The Grand Canyon Wilderness Alliance and the Sierra Club have been working collaboratively for three years on a solution for balancing visitor access to the river with the important obligation the park has to protect the exceptional wilderness attributes the canyon offers. These attributes include natural quiet and the absence of crowds on the river. The Arizona Wilderness Coalition introduced a resolution to the river problem formally to the Park Service last spring, before the agency even released its draft environmental impact statement for the Colorado River Management Plan.
“It’s clear there’s a 'Gang of 4' who just want their access at all cost, regardless of impacts to the resource and equity among river users,” says Tom Martin, co-director of the Boulder, Colorado-based River Runners for Wilderness.
Instead of trying to crowd as many visitors on the river as possible using loopholes in the park’s Management Plan, the Grand Canyon Wilderness Alliance and the Sierra Club has asked the Park Service to protect the wilderness character of the Colorado River in Grand Canyon by providing levels of recreational use consistent with a wilderness experience and the fragile canyon resources.
“The only ‘collaborative’ approach these industry groups have taken is to collectively put their self-interests before protecting our national treasures,” says Don Hoffman, Executive Director of the Arizona Wilderness Coalition.
The Alliance recommends the phase out the use of powerboats on the proposed wilderness river. Powerboats seriously impact the wilderness experience and Park Service policy requires the agency to remove this “non-conforming” use. Non-motorized craft (oar-powered craft, dories, and paddleboats) easily provide a safe, enjoyable wilderness experience for all river runners.
Conservationists also propose to reduce group size to less than 20 people, a level consistent with a wilderness experience and preferred by most river runners. This is important because larger groups need more space for activities. When large groups camp at ever-diminishing beaches, they are forced to spread out into environmentally sensitive areas.
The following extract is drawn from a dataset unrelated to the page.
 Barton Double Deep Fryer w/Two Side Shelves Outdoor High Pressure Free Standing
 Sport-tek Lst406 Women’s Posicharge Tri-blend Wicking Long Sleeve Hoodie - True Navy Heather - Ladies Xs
According to the Park Service, 96% of 25 camp sites monitored in the spring of 2003 had 10 trails per campsite, and one site had 88 trails. One trail is considered the limit to protect the shoreline areas of the canyon. Current impacts are severe enough to require native plant re-vegetation at nearly half of the river camp sites, according to NPS's draft Colorado River Management Plan.
“The Grand Canyon needs to be protected for generations to come and the Park Service has identified key problems such as trampled vegetation and noisy overcrowding at many sites along the river,” says Roxane George, speaking for the Sierra Club’s Grand Canyon chapter. “The outfitters’ plan is more of the same, but the Grand Canyon needs restoration and protection as its beaches grow smaller and wilderness disappears.”
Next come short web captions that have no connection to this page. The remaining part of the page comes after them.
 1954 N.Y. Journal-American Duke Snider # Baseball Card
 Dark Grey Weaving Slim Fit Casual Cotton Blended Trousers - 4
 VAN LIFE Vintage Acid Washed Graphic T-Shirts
The Grand Canyon Wilderness Alliance and the Sierra Club also strongly recommends reducing the number of encounters between boats to a level that is compatible with a wilderness experience. The Park Service’s own research shows the majority of river users prefer less than three encounters with other groups each day.
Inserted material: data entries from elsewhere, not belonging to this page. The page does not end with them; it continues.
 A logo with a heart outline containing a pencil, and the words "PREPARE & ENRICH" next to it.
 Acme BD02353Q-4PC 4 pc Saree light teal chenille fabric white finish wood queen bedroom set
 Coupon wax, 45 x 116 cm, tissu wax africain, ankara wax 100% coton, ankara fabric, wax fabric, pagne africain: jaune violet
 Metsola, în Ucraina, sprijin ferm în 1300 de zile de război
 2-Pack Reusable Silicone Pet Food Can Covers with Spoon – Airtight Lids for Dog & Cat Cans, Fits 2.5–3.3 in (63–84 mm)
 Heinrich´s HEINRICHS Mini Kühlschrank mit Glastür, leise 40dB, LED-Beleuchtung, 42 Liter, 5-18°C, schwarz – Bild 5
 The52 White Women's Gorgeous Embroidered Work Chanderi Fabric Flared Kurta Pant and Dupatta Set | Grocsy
Rather than locking in commercial use, the wilderness groups recommend that the Park Service should provide commercial services only when they are demonstrated as necessary and appropriate and the minimum required for providing recreational rafting opportunities consistent with the purposes of wilderness. Only then should the agency establish freely adjustable and equitable use allocation between commercial and non-commercial river runners.
“Nothing more than the future of the Grand Canyon is at stake here,” says Jo Johnson, Co-Director of River Runners for Wilderness. “This ‘breakthrough’ is wiping out a chance for change for the river and further entrenches the status quo of crowds, noise, and ecological destruction taking place in the canyon.”